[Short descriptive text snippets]
──────

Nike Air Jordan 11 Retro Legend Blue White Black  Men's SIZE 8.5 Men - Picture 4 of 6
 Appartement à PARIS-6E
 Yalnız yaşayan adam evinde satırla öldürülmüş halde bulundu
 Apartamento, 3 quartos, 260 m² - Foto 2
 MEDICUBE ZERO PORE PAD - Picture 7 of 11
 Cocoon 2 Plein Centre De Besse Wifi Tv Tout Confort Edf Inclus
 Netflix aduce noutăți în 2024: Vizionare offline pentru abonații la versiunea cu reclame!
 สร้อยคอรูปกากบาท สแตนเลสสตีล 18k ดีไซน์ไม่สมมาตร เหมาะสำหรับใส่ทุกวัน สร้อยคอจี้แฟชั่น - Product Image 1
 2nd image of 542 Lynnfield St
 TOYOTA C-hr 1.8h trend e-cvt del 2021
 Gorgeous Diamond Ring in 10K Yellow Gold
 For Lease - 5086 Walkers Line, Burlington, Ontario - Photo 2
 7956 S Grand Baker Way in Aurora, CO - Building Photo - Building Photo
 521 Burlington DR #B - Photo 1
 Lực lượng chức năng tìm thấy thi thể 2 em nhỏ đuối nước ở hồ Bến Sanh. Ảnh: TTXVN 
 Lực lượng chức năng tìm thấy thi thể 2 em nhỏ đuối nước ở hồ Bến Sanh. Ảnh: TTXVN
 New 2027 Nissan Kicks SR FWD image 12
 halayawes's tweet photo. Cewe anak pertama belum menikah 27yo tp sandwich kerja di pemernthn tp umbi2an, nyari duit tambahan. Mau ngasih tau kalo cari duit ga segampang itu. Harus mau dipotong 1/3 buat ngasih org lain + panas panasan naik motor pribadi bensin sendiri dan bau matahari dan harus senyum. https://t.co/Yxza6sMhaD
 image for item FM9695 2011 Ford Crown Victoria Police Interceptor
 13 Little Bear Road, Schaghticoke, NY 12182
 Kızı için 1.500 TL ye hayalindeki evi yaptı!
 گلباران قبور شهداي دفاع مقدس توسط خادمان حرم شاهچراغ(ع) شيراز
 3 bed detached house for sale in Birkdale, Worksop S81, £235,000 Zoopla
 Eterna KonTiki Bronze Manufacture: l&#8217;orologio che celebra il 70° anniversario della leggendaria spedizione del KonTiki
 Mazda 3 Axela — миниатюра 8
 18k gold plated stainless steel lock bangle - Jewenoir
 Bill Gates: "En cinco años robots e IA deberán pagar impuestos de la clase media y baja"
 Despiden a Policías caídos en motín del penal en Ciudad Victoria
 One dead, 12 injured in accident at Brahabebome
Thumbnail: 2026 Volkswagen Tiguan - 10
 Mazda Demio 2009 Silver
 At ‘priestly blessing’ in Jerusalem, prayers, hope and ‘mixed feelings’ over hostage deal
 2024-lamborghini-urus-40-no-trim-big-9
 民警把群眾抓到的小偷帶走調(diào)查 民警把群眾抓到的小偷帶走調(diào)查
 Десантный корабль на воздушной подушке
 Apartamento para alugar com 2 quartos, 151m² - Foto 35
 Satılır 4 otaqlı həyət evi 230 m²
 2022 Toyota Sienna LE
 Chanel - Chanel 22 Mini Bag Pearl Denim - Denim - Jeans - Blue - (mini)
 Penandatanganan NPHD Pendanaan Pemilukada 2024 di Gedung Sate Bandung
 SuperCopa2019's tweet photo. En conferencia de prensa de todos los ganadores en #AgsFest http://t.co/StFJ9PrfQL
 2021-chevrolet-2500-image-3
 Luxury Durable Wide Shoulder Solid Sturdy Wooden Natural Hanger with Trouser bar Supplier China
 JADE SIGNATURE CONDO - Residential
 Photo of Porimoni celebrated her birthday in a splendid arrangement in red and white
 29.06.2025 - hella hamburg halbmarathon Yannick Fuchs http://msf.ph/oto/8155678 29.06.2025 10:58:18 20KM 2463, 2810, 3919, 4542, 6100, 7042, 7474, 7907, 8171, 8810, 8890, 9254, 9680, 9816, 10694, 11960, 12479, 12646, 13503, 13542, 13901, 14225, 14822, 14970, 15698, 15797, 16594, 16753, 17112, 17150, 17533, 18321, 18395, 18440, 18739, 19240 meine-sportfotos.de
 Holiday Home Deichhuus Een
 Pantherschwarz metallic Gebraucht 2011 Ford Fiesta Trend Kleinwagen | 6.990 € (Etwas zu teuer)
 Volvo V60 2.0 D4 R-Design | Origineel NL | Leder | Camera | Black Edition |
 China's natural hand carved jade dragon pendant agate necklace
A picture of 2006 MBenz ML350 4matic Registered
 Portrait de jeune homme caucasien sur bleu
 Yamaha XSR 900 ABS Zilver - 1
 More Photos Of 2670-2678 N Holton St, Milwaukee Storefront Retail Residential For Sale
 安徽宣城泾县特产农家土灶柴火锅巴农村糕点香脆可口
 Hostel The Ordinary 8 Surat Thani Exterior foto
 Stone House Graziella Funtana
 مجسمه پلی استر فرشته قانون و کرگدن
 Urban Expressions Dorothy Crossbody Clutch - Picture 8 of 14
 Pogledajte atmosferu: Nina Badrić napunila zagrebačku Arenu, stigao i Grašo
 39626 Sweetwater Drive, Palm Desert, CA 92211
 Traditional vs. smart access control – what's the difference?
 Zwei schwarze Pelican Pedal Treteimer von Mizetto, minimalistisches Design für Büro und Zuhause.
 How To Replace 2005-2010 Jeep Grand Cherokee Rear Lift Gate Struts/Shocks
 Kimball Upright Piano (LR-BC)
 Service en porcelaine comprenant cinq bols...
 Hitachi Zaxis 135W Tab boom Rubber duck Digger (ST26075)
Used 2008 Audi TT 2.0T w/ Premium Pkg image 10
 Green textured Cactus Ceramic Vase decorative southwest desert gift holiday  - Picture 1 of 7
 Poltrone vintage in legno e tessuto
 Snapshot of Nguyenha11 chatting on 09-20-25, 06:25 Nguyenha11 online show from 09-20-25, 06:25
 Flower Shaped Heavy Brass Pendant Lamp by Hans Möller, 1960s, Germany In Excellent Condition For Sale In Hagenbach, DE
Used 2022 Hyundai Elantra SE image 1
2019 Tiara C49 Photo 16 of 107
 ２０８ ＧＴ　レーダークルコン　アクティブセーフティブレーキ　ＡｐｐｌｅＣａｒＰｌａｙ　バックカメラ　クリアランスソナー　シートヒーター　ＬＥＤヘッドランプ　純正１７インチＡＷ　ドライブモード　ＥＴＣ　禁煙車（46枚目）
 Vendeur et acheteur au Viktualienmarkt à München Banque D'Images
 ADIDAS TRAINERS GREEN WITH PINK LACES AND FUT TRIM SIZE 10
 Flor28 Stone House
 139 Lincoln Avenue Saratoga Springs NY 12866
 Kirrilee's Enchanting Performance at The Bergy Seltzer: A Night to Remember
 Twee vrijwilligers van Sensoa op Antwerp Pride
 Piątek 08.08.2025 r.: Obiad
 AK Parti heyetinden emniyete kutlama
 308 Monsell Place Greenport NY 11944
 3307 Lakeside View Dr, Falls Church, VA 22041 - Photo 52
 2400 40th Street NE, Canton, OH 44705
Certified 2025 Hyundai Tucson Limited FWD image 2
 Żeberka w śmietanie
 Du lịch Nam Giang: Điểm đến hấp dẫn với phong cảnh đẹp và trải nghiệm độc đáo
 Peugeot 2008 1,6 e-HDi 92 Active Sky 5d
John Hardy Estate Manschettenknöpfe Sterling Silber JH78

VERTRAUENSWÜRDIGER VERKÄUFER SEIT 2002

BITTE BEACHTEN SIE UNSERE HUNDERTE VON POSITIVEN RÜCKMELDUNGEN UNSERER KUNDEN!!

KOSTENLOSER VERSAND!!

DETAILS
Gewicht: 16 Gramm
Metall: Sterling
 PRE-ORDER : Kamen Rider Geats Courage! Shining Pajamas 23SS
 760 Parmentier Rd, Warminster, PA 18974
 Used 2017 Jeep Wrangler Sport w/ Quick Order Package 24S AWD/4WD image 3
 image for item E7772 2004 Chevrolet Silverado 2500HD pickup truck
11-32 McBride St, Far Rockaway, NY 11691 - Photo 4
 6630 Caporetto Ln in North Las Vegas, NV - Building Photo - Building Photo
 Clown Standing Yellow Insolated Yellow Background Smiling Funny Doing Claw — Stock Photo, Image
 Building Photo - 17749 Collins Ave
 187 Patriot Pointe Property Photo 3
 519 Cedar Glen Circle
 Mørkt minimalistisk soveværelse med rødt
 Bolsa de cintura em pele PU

──────

> _WHAT YOU NEED TO DO_
The lines needed are the ones from the first line of the entries through the line that contains "2nd image of 542 Lynnfield St", given again without any change.

> _ANSWER TO THIS EXERCISE_
Nike Air Jordan 11 Retro Legend Blue White Black  Men's SIZE 8.5 Men - Picture 4 of 6
 Appartement à PARIS-6E
 Yalnız yaşayan adam evinde satırla öldürülmüş halde bulundu
 Apartamento, 3 quartos, 260 m² - Foto 2
 MEDICUBE ZERO PORE PAD - Picture 7 of 11
 Cocoon 2 Plein Centre De Besse Wifi Tv Tout Confort Edf Inclus
 Netflix aduce noutăți în 2024: Vizionare offline pentru abonații la versiunea cu reclame!
 สร้อยคอรูปกากบาท สแตนเลสสตีล 18k ดีไซน์ไม่สมมาตร เหมาะสำหรับใส่ทุกวัน สร้อยคอจี้แฟชั่น - Product Image 1
 2nd image of 542 Lynnfield St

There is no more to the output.